A fifth blessing, and the one we will explore today, the Psalms get us out of ourselves.

Feeling real connection with the needs of others, and not just our own, energizes our prayers.
    Praying the Psalms often pulls us out of our narrow band of self-consumed prayer and re-introduces us to the experiences of the people around us. Feeling real connection with the needs of others, and not just our own, energizes our prayers. When we read a Psalm aloud, especially in a gathering, it may not directly connect with what you are feeling at the time, but it may connect us with the very real and current feelings of someone else in our prayer circle.

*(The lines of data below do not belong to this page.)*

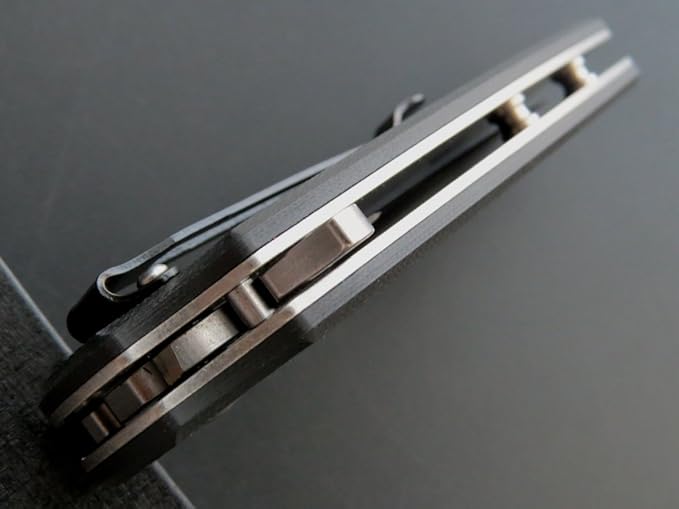 Eafengrow Pocket Knives D2 Blade and G10 Handle Folding Camping Knife Mini Outdoor Pocket Knife Survival Tool (EF13-black)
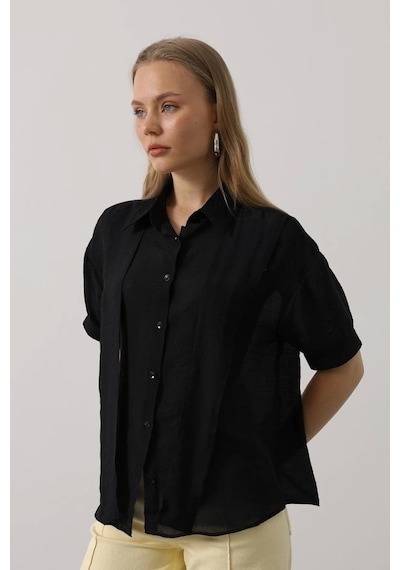 Defymoda Atkı Detaylı Yarım Kol Gömlek - Siyah Siyah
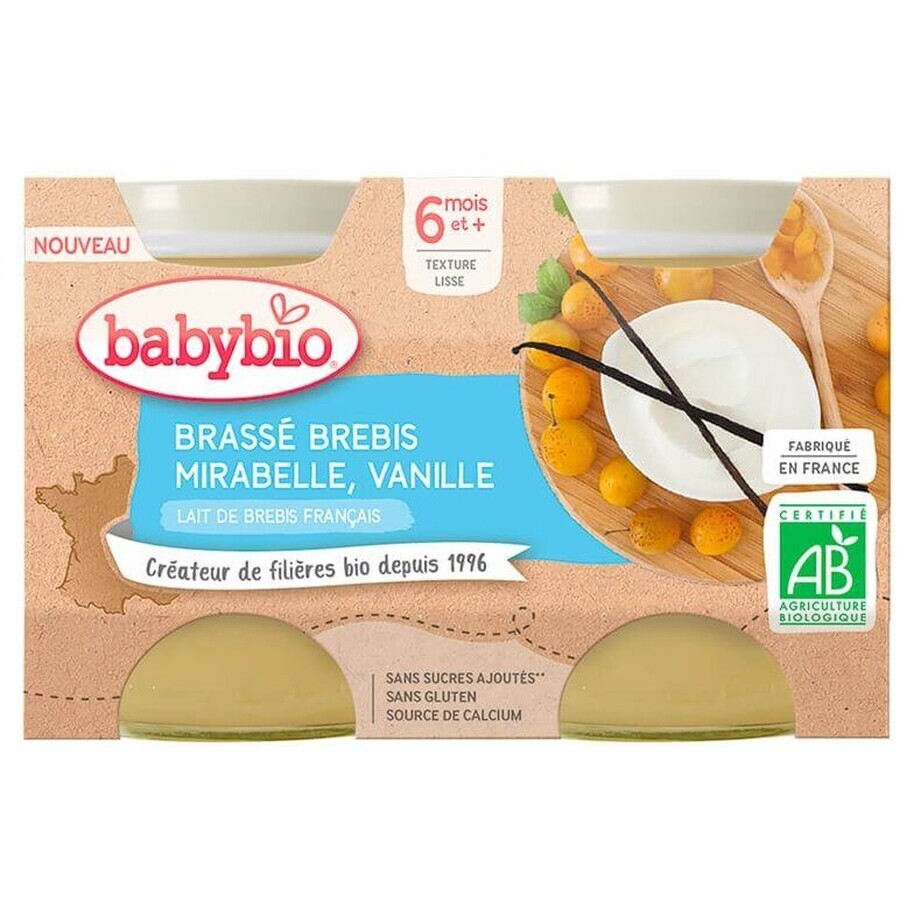 Babybio Brasserie sheep's milk + mirabelle + vanilla 2 x 130 g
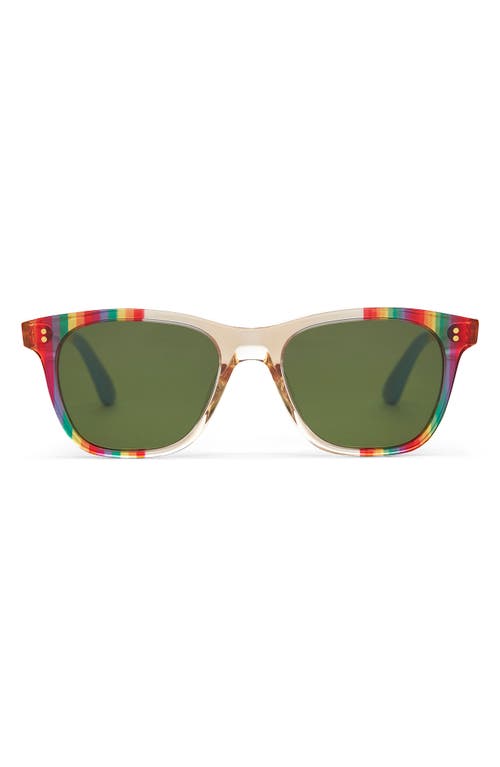 TOMS Fitzpatrick 52mm Rectangular Sunglasses in Rainbow Stripes/Bottle Green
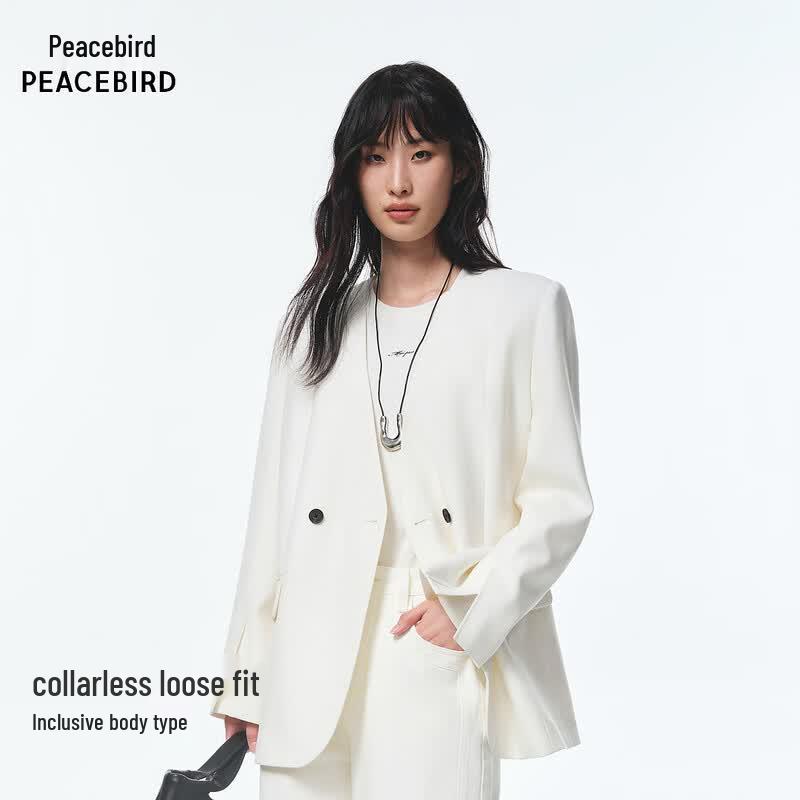 PEACEBIRD Women s Collarless Straight Suit Jacket M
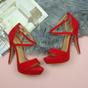 Red AJVANI Red High Heel Crossed Straps Platform Sandals, Image 4 of 6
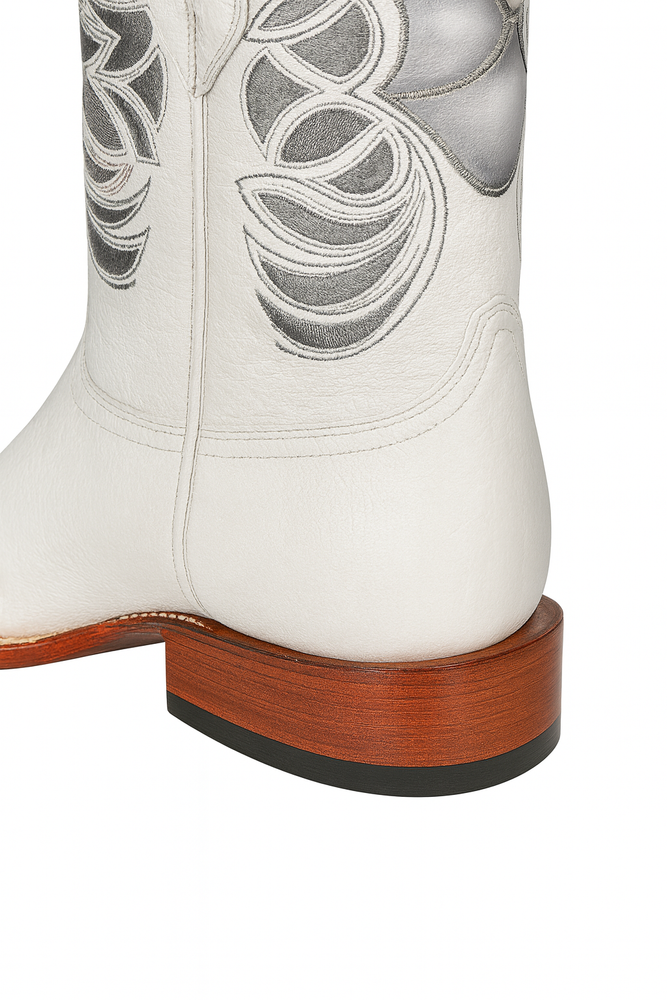 Wild West Botas de Panza de Avestruz Horma Square Toe White
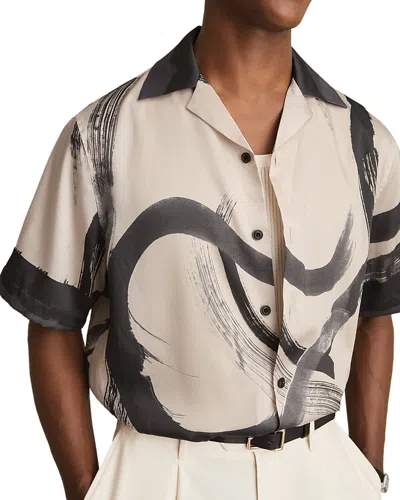 Reiss Oversized Printed Camp Shirt In Neutral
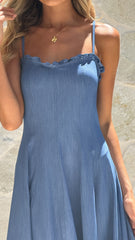 Tanya Maxi Dress - Blue Denim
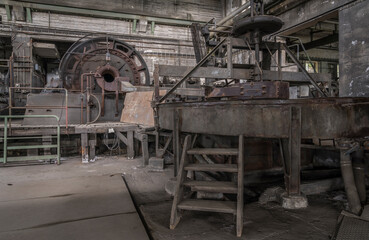 historic machinery of a abandoned mining site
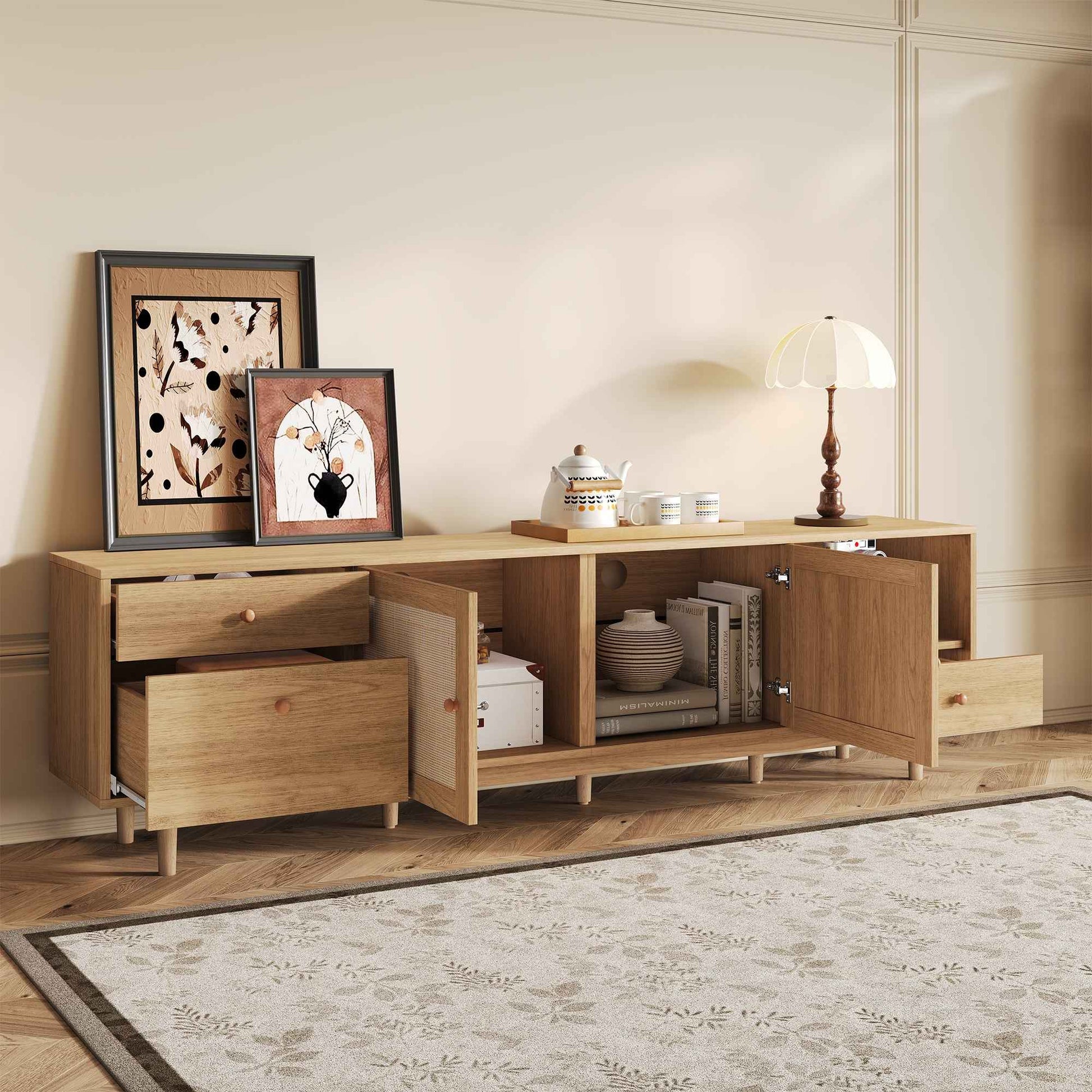 Boho TV Stand for 65 75 85 Inch TV with Real Rattan Doors, Modern Wood Media Console in Natural Finish, 76.6'' L x 15.7'' W x 23.6'' H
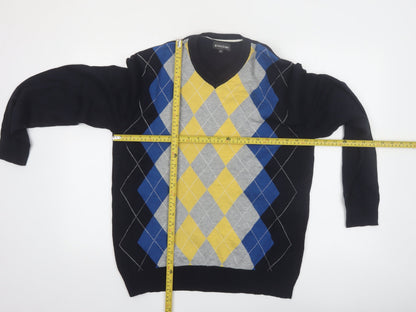 Biaggini Men's Multicoloured Argyle V-Neck Cotton Jumper M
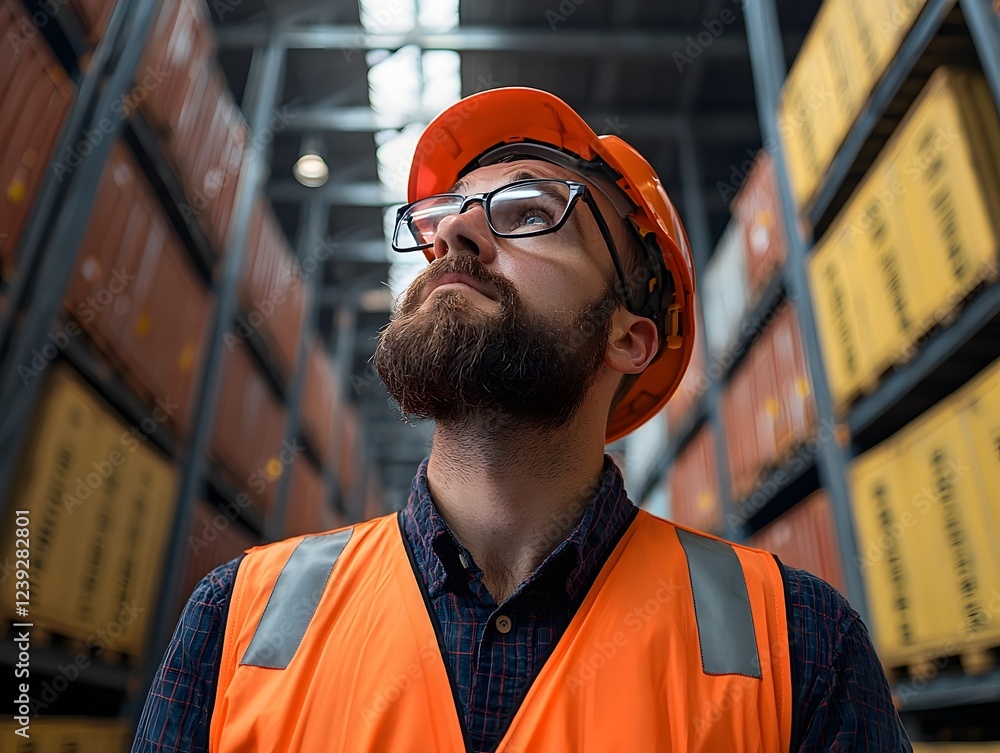 Poster focused and detail oriented logistics worker carefully scanning barcodes on rows of stacked shipping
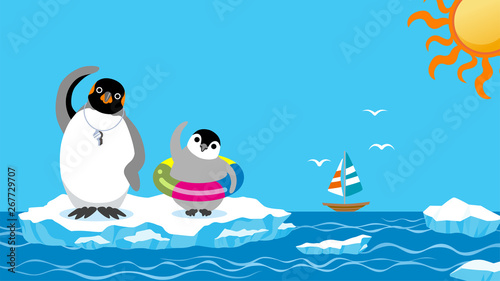 Penguin family exercising before the sea bathing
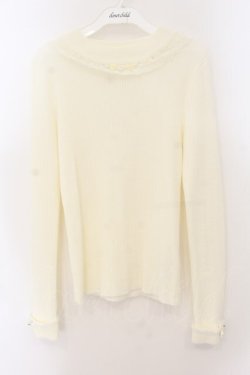 画像1: axes femme / 薔薇モチーフボトルネックプルオーバー M キナリ O-26-01-19-048-AX-TO-OW-OS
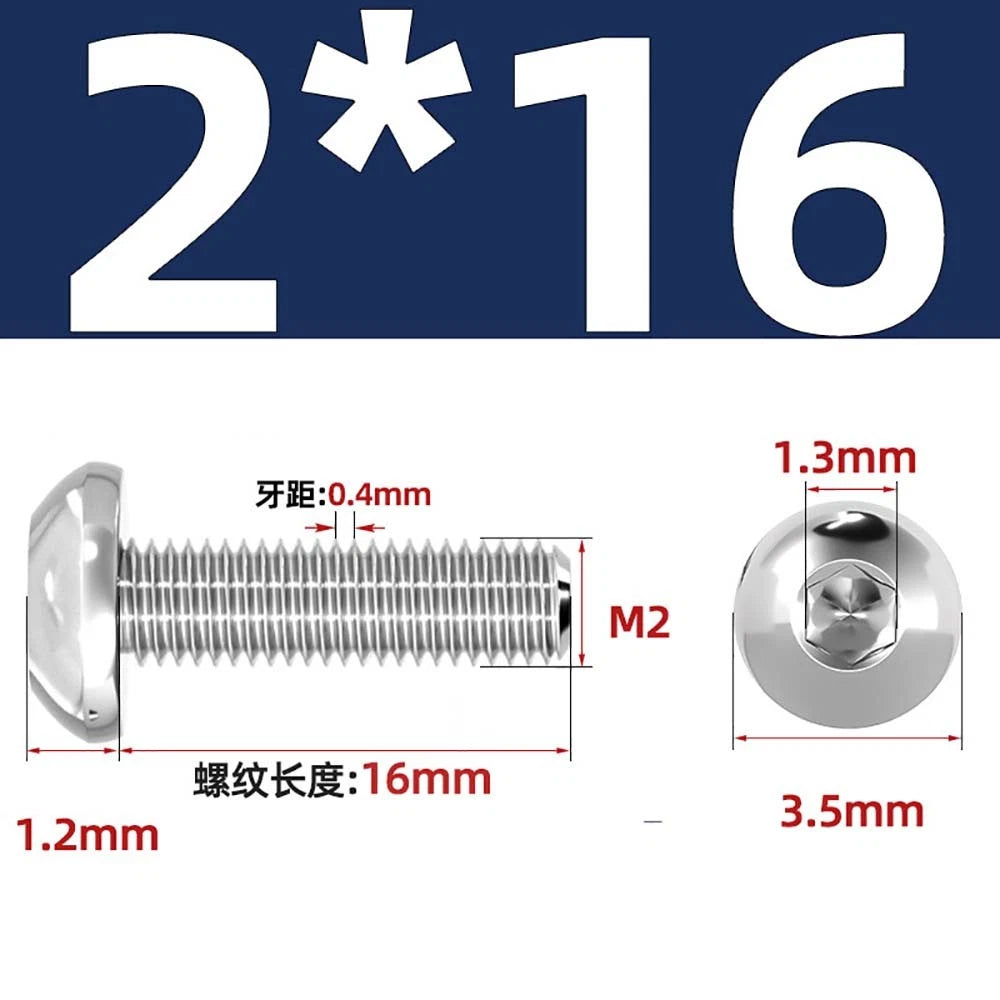 M1.6–M5 A2 Stainless Steel Button Head Socket Cap Screws – Round Pan Head, Hex Drive, Fully Threaded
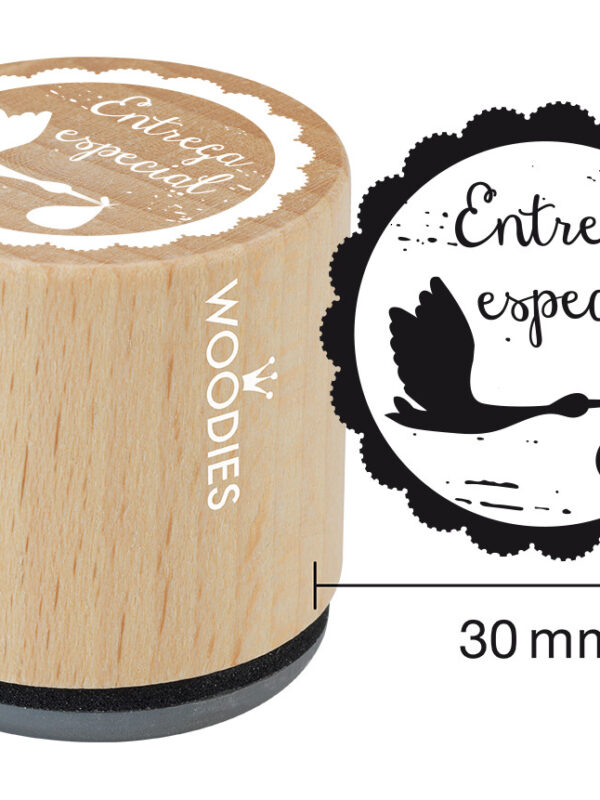 Woodies wooden stamp 30mm – Special delivery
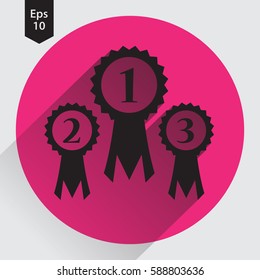 Simple Award Ribbon Icon. Vector Illustrated Symbol. Simple Sign Of Victory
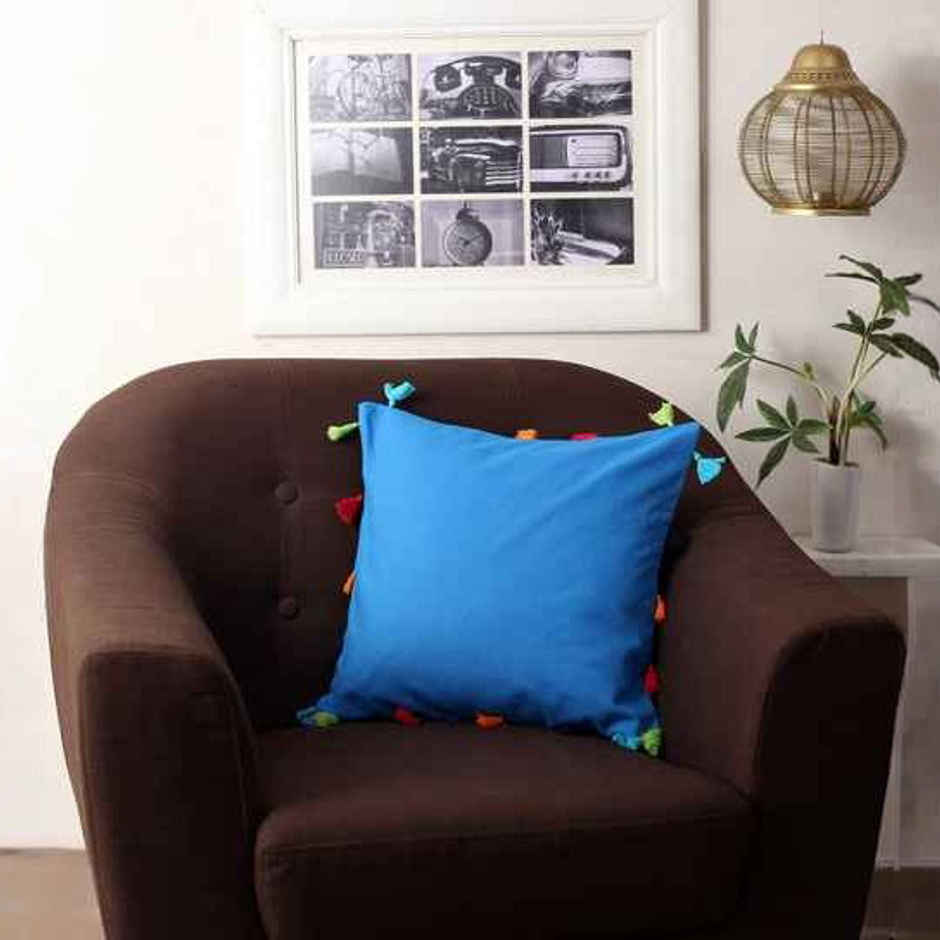 Lushomes Cushion Cover - Blue | 12 x 12 inch | Tassels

    Eugene Peterson describes the experience this way:

I open the Psalms and find myself in the place of prayer, ready to pray. I look around and see thirty other men and women from thirty different places, reared in thirty different homes and in the past few hours have experienced thirty different combinations of emotions. Some come from brutalizing experiences, some from a birthday celebration; some are full of hate at what has been done to them, others brimming with joy over the incredible beauties of the day.

    Peterson continues:

When the congregation is led in praying Psalm 56, the prayer seethes with experiences of brutality and hate. Hate is the most remote thing from my life right now, but within moments I am praying the experience of hate, in tune with others who may be experiencing it...I enter into common cause with persons who are desperately facing enemies.... (Eugene Peterson, Answering God, Harper and Rowe, San Francisco, 1989, p. 90).

    Praying the Psalms together in the congregation conditions us to pray them much better when we are alone. They not only rescue us from repetition and move us out of our self-absorbed prayers, but they connect us with the feelings of others as well and empower us to give comfort to others.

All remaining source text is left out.